In January, the Illinois Gaming Board informed Dickens that the store would be re-inspected. By March, the machines were up and running.
Lately the Illinois Gaming Board has been approving some more non-traditional locations and that has led to record growth in gaming revenue for the Illinois Valley.
Gaming with groceries
Since January, the gaming board has issued 26 new gaming licenses in La Salle, Bureau and Putnam counties. Of those 26 new licenses, 14 were in gas stations, convenience stores or grocery stores.
For a couple of months, Nina’s Mexican Market in La Salle experimented with the machines.
“We wanted to try something new but it didn’t work out,” said Mila Tintori, a manager at Nina’s.
Nina’s, which is a combination market, deli and restaurant, didn’t quite take off like Beck’s. The store sits on a block of downtown La Salle that already has three separate gaming parlors.
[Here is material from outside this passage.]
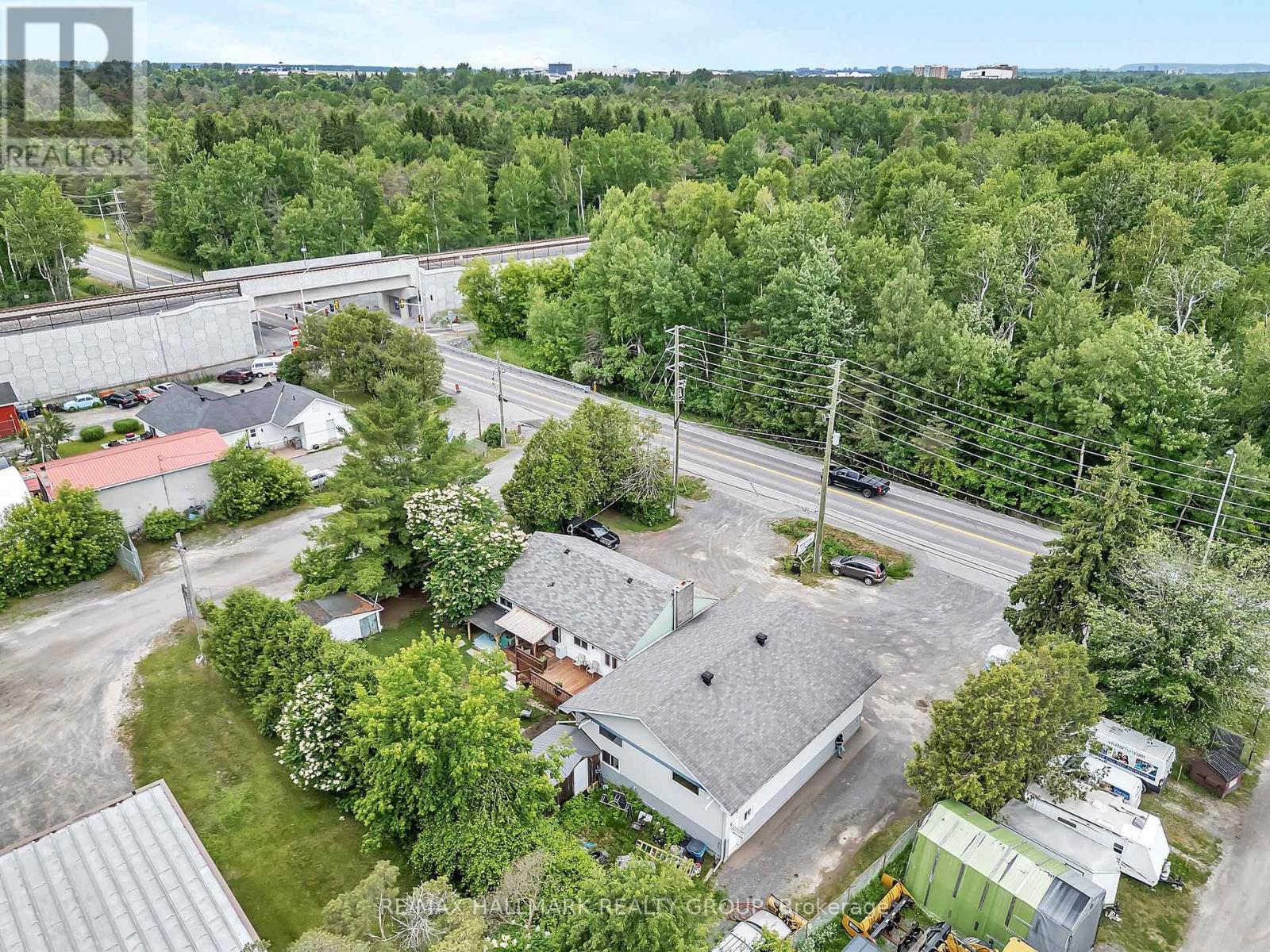 2460 Leitrim Road, Ottawa, Ontario  K1T 3V3 - Photo 26 - X12359086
“I guess they took them out because they weren’t making the money they were supposed to,” Tintori said. “Now we have more room again in our restaurant, though,”
The Mini-Market in Spring Valley fared a little better. The convenience store and deli quickly became the highest earning gaming spot in Spring Valley just a few months after having the machines installed.
A big spike
March was a record-breaking month for the Illinois Valley. $3.54 million was played in machines in La Salle, Bureau and Putnam counties. Before March, monthly totals had only eclipsed $3 million three times.
April didn’t quite top March’s numbers, but the total of $3.28 million still makes it the second highest earning month since gaming was established in September 2012.
The city of La Salle saw its take in revenue jump from about $12,000 to $17,500 between February and March. That’s after a year where revenue numbers nestled steadily between $12,000 to $14,000.
“I thought our revenue had stabilized until these other locations had opened up,” said La Salle’s finance director John Duncan IV. “You can see where Beck’s jumped right into significant revenue.”
And Dickens said the gaming machines really haven’t slowed sales for other forms of gaming.
“Another interesting part is we haven’t seen a drop off in our lottery sales,” he said. “When you see some of these revenue numbers it’s like, ‘Oh my God.’ It just keeps growing.”